The wide smile on the fierce dwarf's face lasted until he looked to the east, to the river.
* * * * *
The jolt when they hit the stone wall rattled their teeth and compressed all eight of the dwarves in the ore cart into an area that two had fully occupied just a moment before. They weathered it, though, to a dwarf. And not just in that cart and in the other nine in the same train, but in the twenty carts of the other two trains as well.
Ivan and Pikel Bouldershoulder stretched and shoved with all their might, trying to keep the dwarves in their cart from crushing each other. The jolts continued, though, the iron carts twisting and straining. Rocks bounced down as the train rumbled about.
When it finally settled, Ivan was first to put his feet under him and strain his back against the dented cover of the cart. He pushed it open a bit, enough so that he could poke his head out.
"By Moradin!" he cried to his companions. "All of ye boys, push now and push hard!"
For Ivan saw that the plan had not worked quite so well, at least with their particular train. They had hardly cracked through the mountain wall, instead beginning an avalanche over them that had left the train half buried, twisted, and still blocking the tunnel exit so that the soldiers running behind could not easily get out.
Ivan grabbed at the twisted metal cart cover and shoved with all his strength. When that did nothing, he reached out over it and tried to pry away some of the heavy stones holding it down.
"Come on, lads!" he shouted. "Afore the damned orcs catch us in a box!"
They all began shoving and shouldering the metal cover, and it creaked open a bit more. Ivan wasted no time in squeezing out.
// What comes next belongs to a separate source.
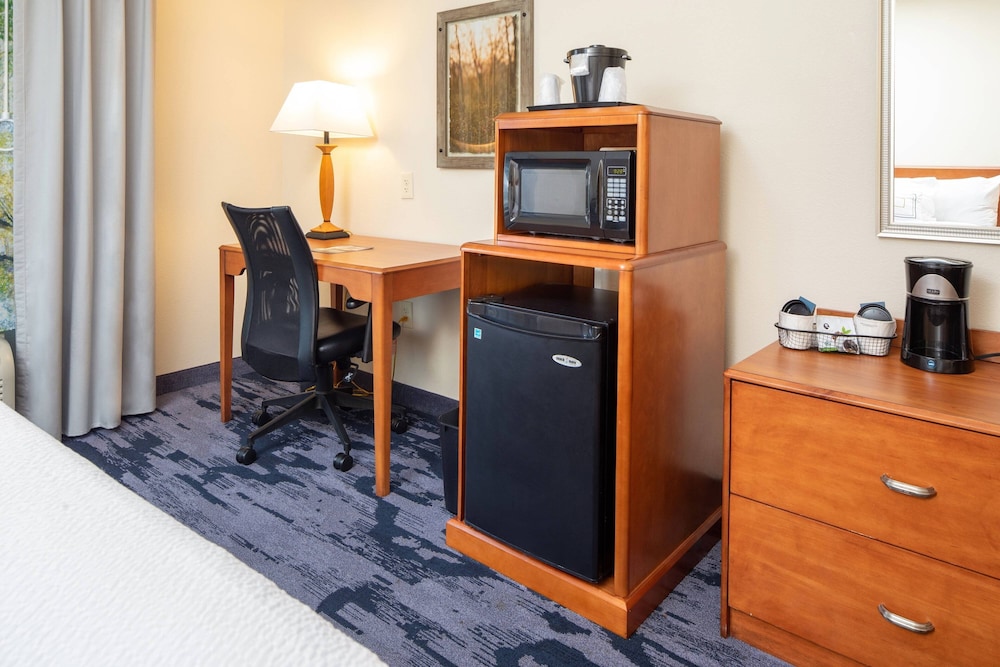 Fairfield Inn & Suites South Boston 30/68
The view from that vantage point proved no more encouraging. Only two of the other nine carts were open, and the dwarves coming out were bleeding and dazed. Half the mountainside had come down upon them, it seemed, and they were stuck.
And to the east, Ivan saw and heard the charge of the orcs.
The yellow-bearded dwarf scrambled atop his damaged cart and pushed aside several stones, then reached back and tugged the cover with all his strength.
Out popped Pikel, then another and another, with Ivan shouting encouragement all the while.
The orcs closed.
But then a second roar came down from just north of their position, and Ivan managed to get a peek over a pile of rubble to see the countering charge of the Battlehammer dwarves. The center train and the northern one had pounded right through, exactly as planned, and the army was pouring out of Mithral Hall in full force, sweeping east and fanning south to form a perimeter around the catastrophe of the southernmost train. The fierce dwarves met the orc charge head on, axe against spear, sword against sword, in such a violent and headlong explosion that half the orcs and dwarves leading their respective charges were down in the first seconds of engagement.
Ivan leaped from the rubble and led the charge of those few among the dwarves of the southern train who could follow. Of the eighty in the carts of that southern train, less than a score came forth, the others out of the fight either because of serious injury or because they simply could not force open their twisted and buried carts.